Race to the Top: What Matters Most?6 Comments
In “The Teachers’ Unions’ Last Stand: How Obama’s Race to the Top Could Revolutionize Public Education,” New York Times Magazine, Steven Brill argues that “what the reformers have come to believe matters most is good teachers.” He later reiterates that “the core of the reformers’ argument, and the essence of the Obama approach to the Race to the Top, is that a slew of research over the last decade has discovered that what makes the most difference is the quality of the teachers and the principals who supervise them.” Yet this claim quickly yields to the refrain of how difficult it is for school districts to rid themselves of bad teachers. Of course teachers matter—a great deal; as do the principals who supervise them. Since our teachers often shoulder the brunt of the responsibility for the success or failure of schools, how do we invest in teachers to ensure the success of all students?
As the June 1 Race to the Top deadline nears, the buzzword in education is accountability—which we are to understand as teacher accountability.
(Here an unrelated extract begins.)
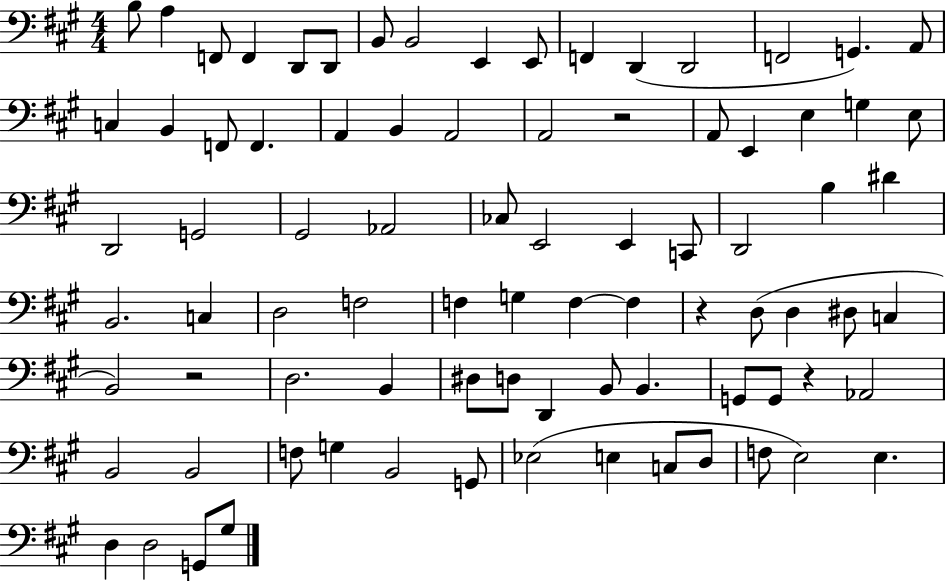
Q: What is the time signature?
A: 4/4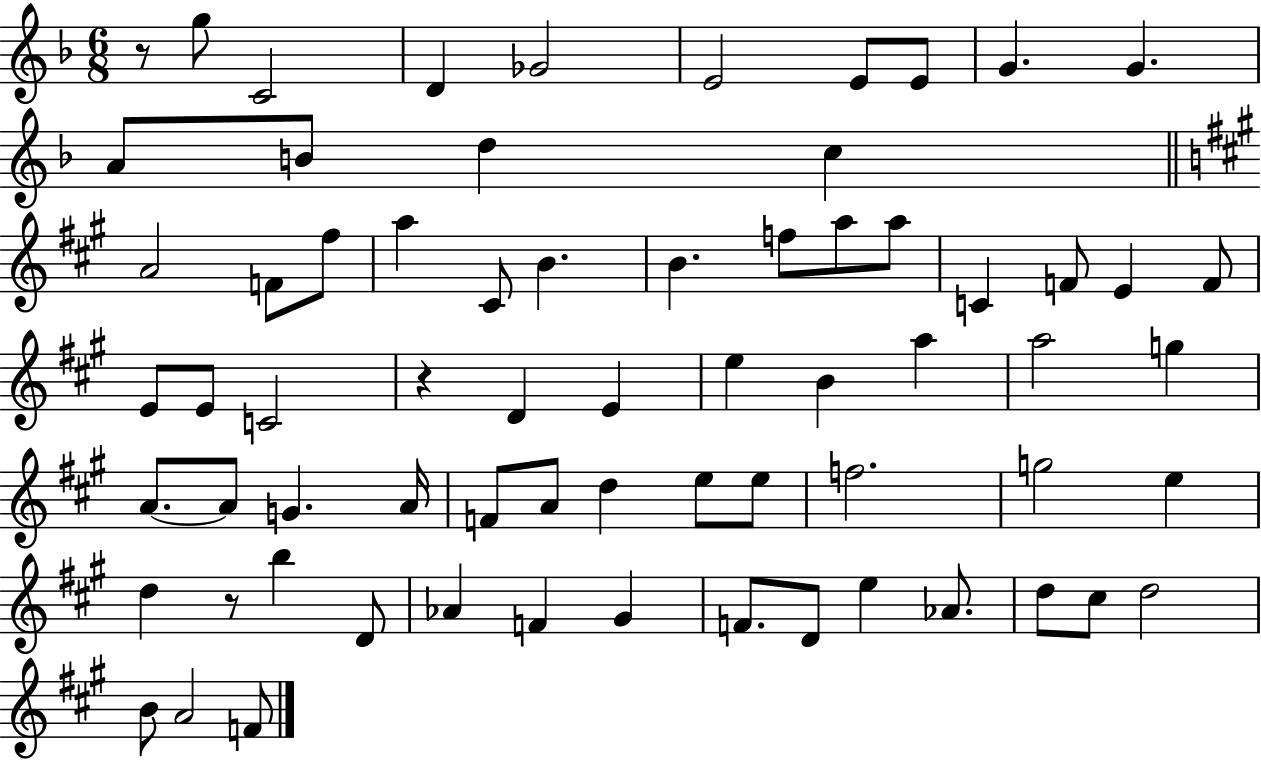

Teachers must be held accountable for the learning gains—or lack of gains—of their students. Some would suggest that the best way to hold teachers accountable is to look at students’ test scores. Is this really the best way to measure the skill and ability of a teacher? How can we develop a meaningful system of accountability that looks beyond the individual teacher to the broader context of a school or a school district? How do we spread the accountability evenly and appropriately?